Above the Law for Some - Means Justice Denied for Us
Let no man forget that the prosecutors are the agent of the State. Their capacity to decide if a case should be pursued,
the kind of charges to be filed or if the action itself needs to be dropped, is a power that few within our Society possess.
Today we have two notable examples that ought to rock the confidence of the average citizen in this system gone mad. The Justice
Department is no longer demanding that former FBI agent Robert Hanssen face the death penalty. Contrast this decision with
the one on the state level, that moved to dismiss the involuntary manslaughter charge against FBI sharpshooter Lon Horiuchi,
of Ruby Ridge fame. What do they both have in common?
The image of the blindfolded woman, that we are so familiar
with, gives the impression that justice is being handed out in the courts without regard to one's race, gender, or social
background. But does her vision penetrate the cloth curtain of universal equality as she bestows favorable treatment to those
of her own, who serve or could harm the interests of the State? The average man on the street is perplexed when accounts like
these are offered as rational for the expediency that taints these decisions. The reasons presented for not seeking the death
penalty for Hanssen seems suspect now that McVeigh has just paid the ultimate price. Who did more damage to America? Can the
exposure of methods and procedures in operations be more important to keep out of open court, than the accountability? Well,
we all know the sad answer to that question.
But what about the dismissal of charges against Horiuchi? Where is the
pressing national interest in this determination? The egregious conduct of this goon is beyond the pale. Just following orders
is not a defense.
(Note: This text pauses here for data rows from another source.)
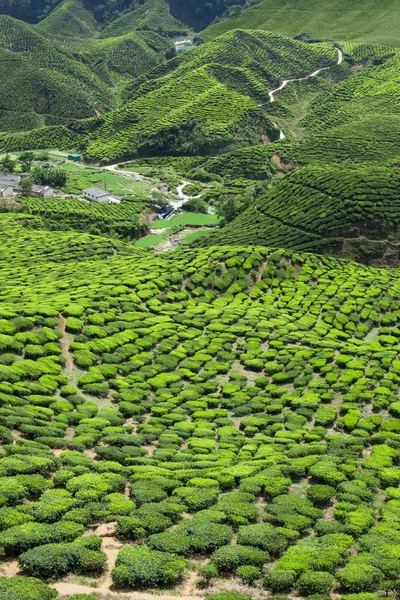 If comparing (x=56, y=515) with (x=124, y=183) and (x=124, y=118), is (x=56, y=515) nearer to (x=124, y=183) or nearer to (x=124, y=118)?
(x=124, y=183)

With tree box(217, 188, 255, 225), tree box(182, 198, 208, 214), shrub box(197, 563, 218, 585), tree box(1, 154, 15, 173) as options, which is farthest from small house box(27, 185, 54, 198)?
shrub box(197, 563, 218, 585)

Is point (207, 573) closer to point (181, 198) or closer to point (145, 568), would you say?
point (145, 568)

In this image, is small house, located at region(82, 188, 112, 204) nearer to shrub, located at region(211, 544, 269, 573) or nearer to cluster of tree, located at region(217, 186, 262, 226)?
cluster of tree, located at region(217, 186, 262, 226)

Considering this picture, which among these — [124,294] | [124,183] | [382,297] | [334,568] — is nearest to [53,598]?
[334,568]

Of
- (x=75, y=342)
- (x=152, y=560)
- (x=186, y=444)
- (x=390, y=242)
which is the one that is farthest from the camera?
(x=390, y=242)

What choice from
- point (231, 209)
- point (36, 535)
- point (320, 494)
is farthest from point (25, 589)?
point (231, 209)

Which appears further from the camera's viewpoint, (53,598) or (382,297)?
(382,297) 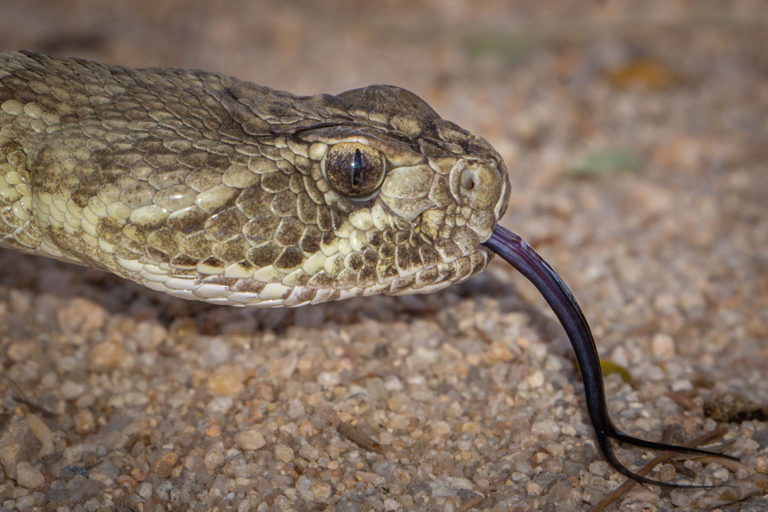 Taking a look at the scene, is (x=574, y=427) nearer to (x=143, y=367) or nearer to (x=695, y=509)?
(x=695, y=509)

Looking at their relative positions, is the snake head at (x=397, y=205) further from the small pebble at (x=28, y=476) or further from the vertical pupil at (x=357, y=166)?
the small pebble at (x=28, y=476)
Nor can a society remain FREE if it allows its citizens to be murdered by elements of sanctioned SWAT Teams.
The essence of both decisions is that government has interests separate from the public and the governance of justice. When
a perceived conflict is detected, the State closes ranks, protects their own and allows the symbol of equal justice to be
That assault is not just against her. It is an attack against each and every one of us. A dagger is poised
at her heart and soon will reduce this lady to an expired corpse. Killed by those who swore to protect and honor her, and
buried by the rest who ignored her passing. At the core of an orderly and free society is the requirement for Justice. Having
different standards for an inner circle is cancerous. But evading accountability for those in authority is the death nill
of a civilization.
The numbness that instances like these strike upon our collective consciousness is a result of
decades of benign neglect. But that innocuous quality has forged a disconnect from the consequences that indifference breeds.
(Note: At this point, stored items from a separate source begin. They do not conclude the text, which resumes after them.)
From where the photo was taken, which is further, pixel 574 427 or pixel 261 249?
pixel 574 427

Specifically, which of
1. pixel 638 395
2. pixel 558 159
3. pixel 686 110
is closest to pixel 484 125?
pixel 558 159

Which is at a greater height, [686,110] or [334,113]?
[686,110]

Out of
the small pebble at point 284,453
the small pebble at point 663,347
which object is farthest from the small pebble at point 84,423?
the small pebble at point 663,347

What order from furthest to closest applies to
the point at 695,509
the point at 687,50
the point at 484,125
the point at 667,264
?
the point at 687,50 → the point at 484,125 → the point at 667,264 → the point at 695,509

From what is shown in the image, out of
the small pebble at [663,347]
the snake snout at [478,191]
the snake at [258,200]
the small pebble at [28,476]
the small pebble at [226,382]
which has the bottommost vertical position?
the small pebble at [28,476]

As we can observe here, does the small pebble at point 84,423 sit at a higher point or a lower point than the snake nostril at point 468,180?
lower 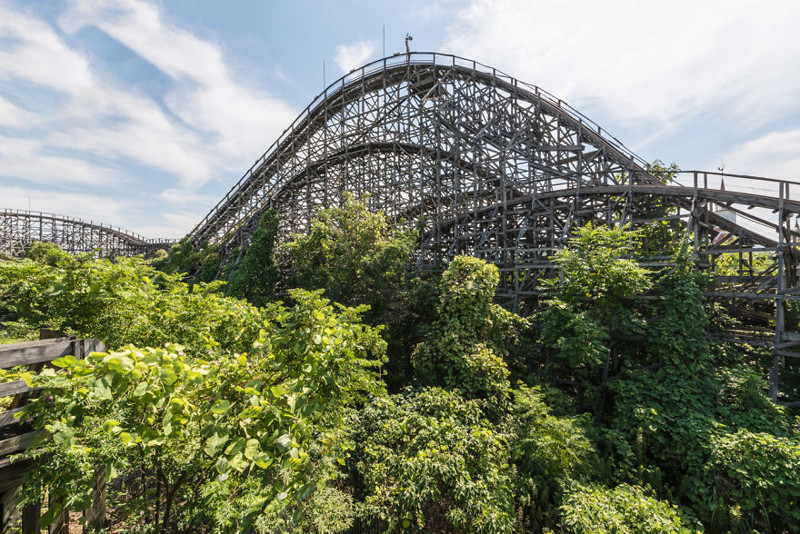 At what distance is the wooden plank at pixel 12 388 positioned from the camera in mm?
2212

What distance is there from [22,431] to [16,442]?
0.64 feet

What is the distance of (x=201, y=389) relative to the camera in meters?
2.48

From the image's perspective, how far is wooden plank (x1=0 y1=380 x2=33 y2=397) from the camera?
87.1 inches

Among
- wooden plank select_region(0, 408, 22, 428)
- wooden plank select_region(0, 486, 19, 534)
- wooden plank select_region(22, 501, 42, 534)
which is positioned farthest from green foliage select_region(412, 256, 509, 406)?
wooden plank select_region(0, 408, 22, 428)

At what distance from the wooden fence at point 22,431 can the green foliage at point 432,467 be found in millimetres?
3513

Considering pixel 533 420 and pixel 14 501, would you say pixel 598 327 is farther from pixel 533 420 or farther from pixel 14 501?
pixel 14 501

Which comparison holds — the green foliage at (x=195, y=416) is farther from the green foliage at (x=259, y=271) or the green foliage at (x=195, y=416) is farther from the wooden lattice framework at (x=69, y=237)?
the wooden lattice framework at (x=69, y=237)

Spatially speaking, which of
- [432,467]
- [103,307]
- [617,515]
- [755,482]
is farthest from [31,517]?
[755,482]

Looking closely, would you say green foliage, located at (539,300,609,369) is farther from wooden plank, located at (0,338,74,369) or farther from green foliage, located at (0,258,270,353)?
wooden plank, located at (0,338,74,369)

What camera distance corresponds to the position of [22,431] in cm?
259

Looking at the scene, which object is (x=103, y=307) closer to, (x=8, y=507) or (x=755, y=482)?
(x=8, y=507)

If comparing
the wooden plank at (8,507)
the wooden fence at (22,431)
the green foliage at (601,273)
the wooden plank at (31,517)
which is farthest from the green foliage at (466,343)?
the wooden plank at (8,507)

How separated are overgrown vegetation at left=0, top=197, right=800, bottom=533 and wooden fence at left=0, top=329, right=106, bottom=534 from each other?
24cm

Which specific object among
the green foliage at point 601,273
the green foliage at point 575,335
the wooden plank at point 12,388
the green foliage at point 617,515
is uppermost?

What was just once inattention, has now become acceptance. What once was disregard is now concurrence. And what was many years
ago just insensitivity, is now complicity. We all let them do this to US . . .
You already know the details and the
sorry circumstance that befell Mrs Weaver. You also know that Horiuchi pulled that trigger. But are you willing to accept
that the same can be done to you and your family? It could and most would conclude that you probably deserved it, if the squad
was set in. Horiuchi is not unique. How many of his ilk follow those same orders all too frequently?
But let us hope
that Hanssen is the rare exception! However; after Walker, Pollard and Ames, can any of us be secure when the turncoats are
turning over the keys to the nations secrets? When plea bargains become the chosen method to impose resolution, the public
is short changed from the entire sorted story in open court. What is feared is that the accomplices will be exposed. The agencies,
their policies and cultures cannot bear the risk of public scrutiny. Isn't that the real reason that deals are cut, so that
the only the tip of the icebergs are divulged, while the hidden details are concealed for the good of the government?
When the 'First Traitor' was let off the hook for his treason in his dealings with China, you witnessed the dissolution
of the American character. Horiuchi is a storm trooper in that demise. Hanssen is an opportunist who sought to profit from
that collapse. And we are all the gored victims of their mutual degeneracy. But our shared responsibility for allowing this
ongoing decline to go on uninterrupted, is the burden we all bear. Our penalty is to live under continued abuses. There is
a price to be payed by the little people for their misdeeds, but leniency for state sponsored terrorists and traitors. If
only Lady Justice would cast off that blindfold and open her eyes to the duplicity that now serves as her bar of equity! When
will accountability be dispensed, and when will responsibility become the standard?